--- Data shown ---
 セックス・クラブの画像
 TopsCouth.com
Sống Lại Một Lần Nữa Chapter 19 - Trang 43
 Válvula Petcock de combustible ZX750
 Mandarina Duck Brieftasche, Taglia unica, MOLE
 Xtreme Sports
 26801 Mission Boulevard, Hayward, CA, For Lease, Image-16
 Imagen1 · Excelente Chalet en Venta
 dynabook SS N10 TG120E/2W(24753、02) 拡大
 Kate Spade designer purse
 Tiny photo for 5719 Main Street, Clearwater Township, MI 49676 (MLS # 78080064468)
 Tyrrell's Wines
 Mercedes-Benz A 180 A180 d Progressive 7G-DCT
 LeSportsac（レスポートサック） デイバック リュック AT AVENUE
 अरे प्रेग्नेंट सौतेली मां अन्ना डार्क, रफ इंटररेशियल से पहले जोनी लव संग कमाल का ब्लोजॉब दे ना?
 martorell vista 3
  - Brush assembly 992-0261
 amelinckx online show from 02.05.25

--- Task statement ---
Starting at the first line and ending at the last, retype the entries above.

--- Written reply ---
 セックス・クラブの画像
 TopsCouth.com
Sống Lại Một Lần Nữa Chapter 19 - Trang 43
 Válvula Petcock de combustible ZX750
 Mandarina Duck Brieftasche, Taglia unica, MOLE
 Xtreme Sports
 26801 Mission Boulevard, Hayward, CA, For Lease, Image-16
 Imagen1 · Excelente Chalet en Venta
 dynabook SS N10 TG120E/2W(24753、02) 拡大
 Kate Spade designer purse
 Tiny photo for 5719 Main Street, Clearwater Township, MI 49676 (MLS # 78080064468)
 Tyrrell's Wines
 Mercedes-Benz A 180 A180 d Progressive 7G-DCT
 LeSportsac（レスポートサック） デイバック リュック AT AVENUE
 अरे प्रेग्नेंट सौतेली मां अन्ना डार्क, रफ इंटररेशियल से पहले जोनी लव संग कमाल का ब्लोजॉब दे ना?
 martorell vista 3
  - Brush assembly 992-0261
 amelinckx online show from 02.05.25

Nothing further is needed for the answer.